→ TASK GOAL:
Return exactly, with nothing added, the lines from the one that contains "李昀锐 诸葛玥角色热度破亿了" through the end of the listing below, pictures excluded.

→ AVAILABLE DATA:
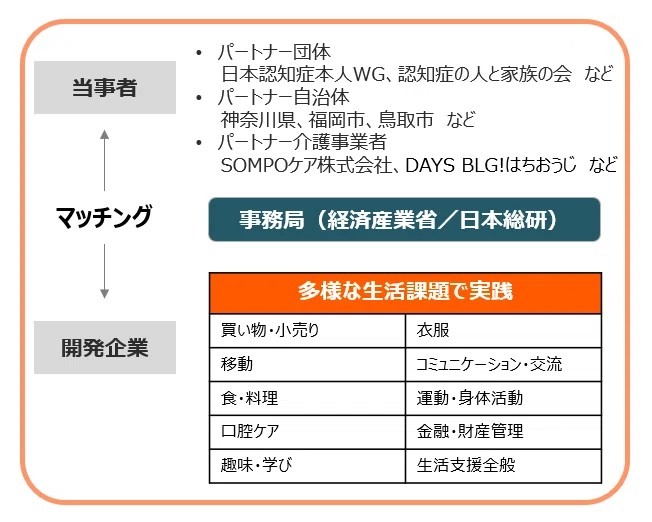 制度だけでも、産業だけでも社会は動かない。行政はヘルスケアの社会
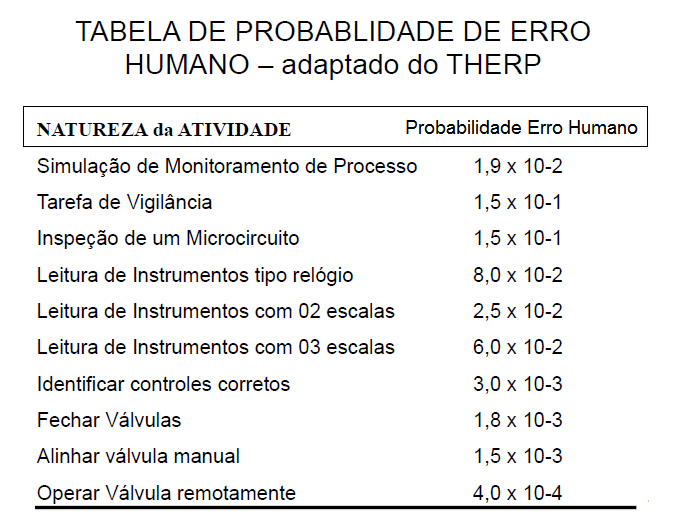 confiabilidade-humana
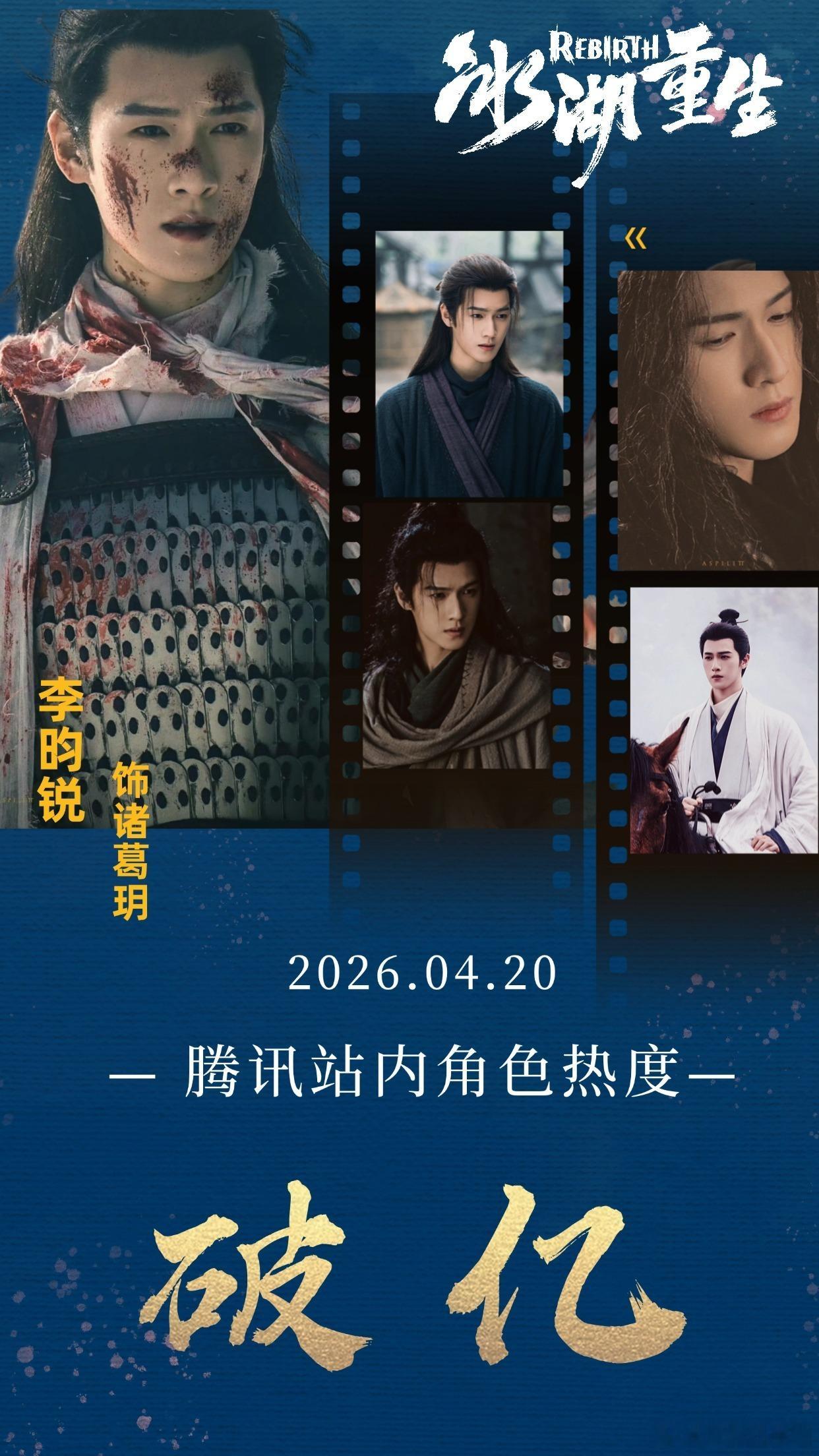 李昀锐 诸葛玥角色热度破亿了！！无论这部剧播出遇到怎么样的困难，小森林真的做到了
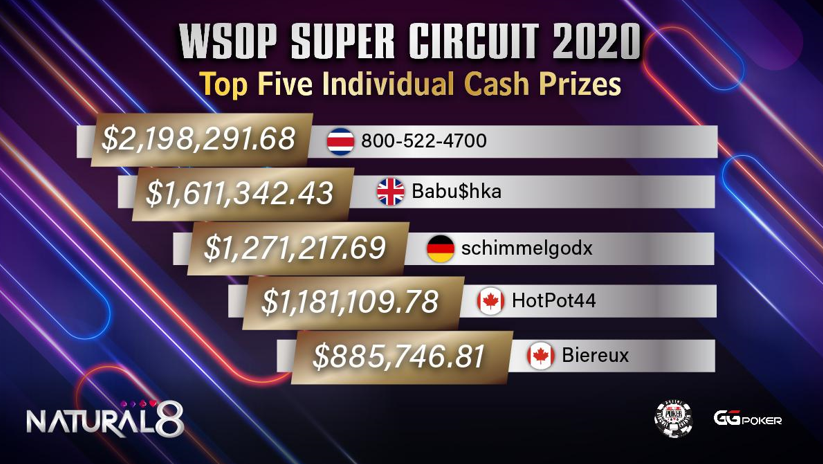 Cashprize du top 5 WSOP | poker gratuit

→ OUTPUT:
 李昀锐 诸葛玥角色热度破亿了！！无论这部剧播出遇到怎么样的困难，小森林真的做到了
 Cashprize du top 5 WSOP | poker gratuit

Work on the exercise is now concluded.